**TASK STATEMENT**
Would you retype every line below without changing anything?
☆ ☆ ☆ ☆
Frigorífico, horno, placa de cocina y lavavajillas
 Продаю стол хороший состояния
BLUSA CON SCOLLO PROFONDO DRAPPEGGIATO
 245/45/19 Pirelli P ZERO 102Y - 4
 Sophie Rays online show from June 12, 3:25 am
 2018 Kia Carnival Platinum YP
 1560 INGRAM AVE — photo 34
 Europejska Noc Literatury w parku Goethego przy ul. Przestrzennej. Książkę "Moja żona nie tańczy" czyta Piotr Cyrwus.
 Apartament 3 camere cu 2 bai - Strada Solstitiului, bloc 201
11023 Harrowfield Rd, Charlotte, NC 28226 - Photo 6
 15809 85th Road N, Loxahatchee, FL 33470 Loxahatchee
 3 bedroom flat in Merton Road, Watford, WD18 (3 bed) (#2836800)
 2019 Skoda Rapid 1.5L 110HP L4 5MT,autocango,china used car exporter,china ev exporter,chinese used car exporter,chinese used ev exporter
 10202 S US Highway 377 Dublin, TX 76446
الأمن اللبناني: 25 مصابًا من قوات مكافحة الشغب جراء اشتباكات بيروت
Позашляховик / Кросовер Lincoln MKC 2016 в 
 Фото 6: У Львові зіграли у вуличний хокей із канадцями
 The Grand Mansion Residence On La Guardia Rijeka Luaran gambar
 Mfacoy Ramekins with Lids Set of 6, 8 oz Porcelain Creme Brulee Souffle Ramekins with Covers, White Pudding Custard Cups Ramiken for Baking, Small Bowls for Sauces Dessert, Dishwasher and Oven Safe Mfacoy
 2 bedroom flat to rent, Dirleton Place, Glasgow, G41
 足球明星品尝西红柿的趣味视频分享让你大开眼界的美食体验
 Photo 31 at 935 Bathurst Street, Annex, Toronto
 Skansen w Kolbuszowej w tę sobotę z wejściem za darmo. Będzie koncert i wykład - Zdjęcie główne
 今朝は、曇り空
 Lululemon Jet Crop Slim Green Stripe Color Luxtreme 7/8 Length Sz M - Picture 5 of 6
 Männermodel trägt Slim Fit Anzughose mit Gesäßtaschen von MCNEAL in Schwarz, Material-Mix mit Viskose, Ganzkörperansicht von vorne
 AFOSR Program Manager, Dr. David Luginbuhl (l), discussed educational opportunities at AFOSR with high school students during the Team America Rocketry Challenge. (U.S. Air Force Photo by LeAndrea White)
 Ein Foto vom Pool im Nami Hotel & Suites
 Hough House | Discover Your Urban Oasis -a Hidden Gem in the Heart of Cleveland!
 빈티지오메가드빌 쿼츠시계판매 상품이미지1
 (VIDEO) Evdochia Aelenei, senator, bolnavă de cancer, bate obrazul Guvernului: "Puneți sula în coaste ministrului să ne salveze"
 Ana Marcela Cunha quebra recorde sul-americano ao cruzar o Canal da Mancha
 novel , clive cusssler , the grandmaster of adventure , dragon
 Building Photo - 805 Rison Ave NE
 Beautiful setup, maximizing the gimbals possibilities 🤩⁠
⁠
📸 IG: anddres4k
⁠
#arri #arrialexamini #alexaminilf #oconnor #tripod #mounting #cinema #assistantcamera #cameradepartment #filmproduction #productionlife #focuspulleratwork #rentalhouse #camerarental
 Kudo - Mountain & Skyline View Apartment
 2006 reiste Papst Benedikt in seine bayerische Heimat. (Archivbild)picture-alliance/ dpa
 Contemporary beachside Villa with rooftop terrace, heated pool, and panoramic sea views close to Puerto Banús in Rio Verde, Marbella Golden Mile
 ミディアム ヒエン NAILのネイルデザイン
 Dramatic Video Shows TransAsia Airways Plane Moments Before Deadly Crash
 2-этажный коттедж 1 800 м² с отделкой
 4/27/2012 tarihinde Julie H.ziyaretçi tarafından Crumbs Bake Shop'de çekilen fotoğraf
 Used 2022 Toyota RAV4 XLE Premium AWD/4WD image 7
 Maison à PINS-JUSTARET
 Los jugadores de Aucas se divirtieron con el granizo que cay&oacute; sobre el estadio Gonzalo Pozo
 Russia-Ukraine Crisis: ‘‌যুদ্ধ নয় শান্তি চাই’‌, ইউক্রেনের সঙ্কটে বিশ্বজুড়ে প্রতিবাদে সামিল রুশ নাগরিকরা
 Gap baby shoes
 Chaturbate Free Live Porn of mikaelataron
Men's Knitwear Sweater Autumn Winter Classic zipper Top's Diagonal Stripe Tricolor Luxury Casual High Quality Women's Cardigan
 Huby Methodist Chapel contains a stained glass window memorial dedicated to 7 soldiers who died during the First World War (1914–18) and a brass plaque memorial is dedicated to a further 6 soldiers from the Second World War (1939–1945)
☆ ☆ ☆ ☆
**SOLUTION BELOW**
Frigorífico, horno, placa de cocina y lavavajillas
 Продаю стол хороший состояния
BLUSA CON SCOLLO PROFONDO DRAPPEGGIATO
 245/45/19 Pirelli P ZERO 102Y - 4
 Sophie Rays online show from June 12, 3:25 am
 2018 Kia Carnival Platinum YP
 1560 INGRAM AVE — photo 34
 Europejska Noc Literatury w parku Goethego przy ul. Przestrzennej. Książkę "Moja żona nie tańczy" czyta Piotr Cyrwus.
 Apartament 3 camere cu 2 bai - Strada Solstitiului, bloc 201
11023 Harrowfield Rd, Charlotte, NC 28226 - Photo 6
 15809 85th Road N, Loxahatchee, FL 33470 Loxahatchee
 3 bedroom flat in Merton Road, Watford, WD18 (3 bed) (#2836800)
 2019 Skoda Rapid 1.5L 110HP L4 5MT,autocango,china used car exporter,china ev exporter,chinese used car exporter,chinese used ev exporter
 10202 S US Highway 377 Dublin, TX 76446
الأمن اللبناني: 25 مصابًا من قوات مكافحة الشغب جراء اشتباكات بيروت
Позашляховик / Кросовер Lincoln MKC 2016 в 
 Фото 6: У Львові зіграли у вуличний хокей із канадцями
 The Grand Mansion Residence On La Guardia Rijeka Luaran gambar
 Mfacoy Ramekins with Lids Set of 6, 8 oz Porcelain Creme Brulee Souffle Ramekins with Covers, White Pudding Custard Cups Ramiken for Baking, Small Bowls for Sauces Dessert, Dishwasher and Oven Safe Mfacoy
 2 bedroom flat to rent, Dirleton Place, Glasgow, G41
 足球明星品尝西红柿的趣味视频分享让你大开眼界的美食体验
 Photo 31 at 935 Bathurst Street, Annex, Toronto
 Skansen w Kolbuszowej w tę sobotę z wejściem za darmo. Będzie koncert i wykład - Zdjęcie główne
 今朝は、曇り空
 Lululemon Jet Crop Slim Green Stripe Color Luxtreme 7/8 Length Sz M - Picture 5 of 6
 Männermodel trägt Slim Fit Anzughose mit Gesäßtaschen von MCNEAL in Schwarz, Material-Mix mit Viskose, Ganzkörperansicht von vorne
 AFOSR Program Manager, Dr. David Luginbuhl (l), discussed educational opportunities at AFOSR with high school students during the Team America Rocketry Challenge. (U.S. Air Force Photo by LeAndrea White)
 Ein Foto vom Pool im Nami Hotel & Suites
 Hough House | Discover Your Urban Oasis -a Hidden Gem in the Heart of Cleveland!
 빈티지오메가드빌 쿼츠시계판매 상품이미지1
 (VIDEO) Evdochia Aelenei, senator, bolnavă de cancer, bate obrazul Guvernului: "Puneți sula în coaste ministrului să ne salveze"
 Ana Marcela Cunha quebra recorde sul-americano ao cruzar o Canal da Mancha
 novel , clive cusssler , the grandmaster of adventure , dragon
 Building Photo - 805 Rison Ave NE
 Beautiful setup, maximizing the gimbals possibilities 🤩⁠
⁠
📸 IG: anddres4k
⁠
#arri #arrialexamini #alexaminilf #oconnor #tripod #mounting #cinema #assistantcamera #cameradepartment #filmproduction #productionlife #focuspulleratwork #rentalhouse #camerarental
 Kudo - Mountain & Skyline View Apartment
 2006 reiste Papst Benedikt in seine bayerische Heimat. (Archivbild)picture-alliance/ dpa
 Contemporary beachside Villa with rooftop terrace, heated pool, and panoramic sea views close to Puerto Banús in Rio Verde, Marbella Golden Mile
 ミディアム ヒエン NAILのネイルデザイン
 Dramatic Video Shows TransAsia Airways Plane Moments Before Deadly Crash
 2-этажный коттедж 1 800 м² с отделкой
 4/27/2012 tarihinde Julie H.ziyaretçi tarafından Crumbs Bake Shop'de çekilen fotoğraf
 Used 2022 Toyota RAV4 XLE Premium AWD/4WD image 7
 Maison à PINS-JUSTARET
 Los jugadores de Aucas se divirtieron con el granizo que cay&oacute; sobre el estadio Gonzalo Pozo
 Russia-Ukraine Crisis: ‘‌যুদ্ধ নয় শান্তি চাই’‌, ইউক্রেনের সঙ্কটে বিশ্বজুড়ে প্রতিবাদে সামিল রুশ নাগরিকরা
 Gap baby shoes
 Chaturbate Free Live Porn of mikaelataron
Men's Knitwear Sweater Autumn Winter Classic zipper Top's Diagonal Stripe Tricolor Luxury Casual High Quality Women's Cardigan
 Huby Methodist Chapel contains a stained glass window memorial dedicated to 7 soldiers who died during the First World War (1914–18) and a brass plaque memorial is dedicated to a further 6 soldiers from the Second World War (1939–1945)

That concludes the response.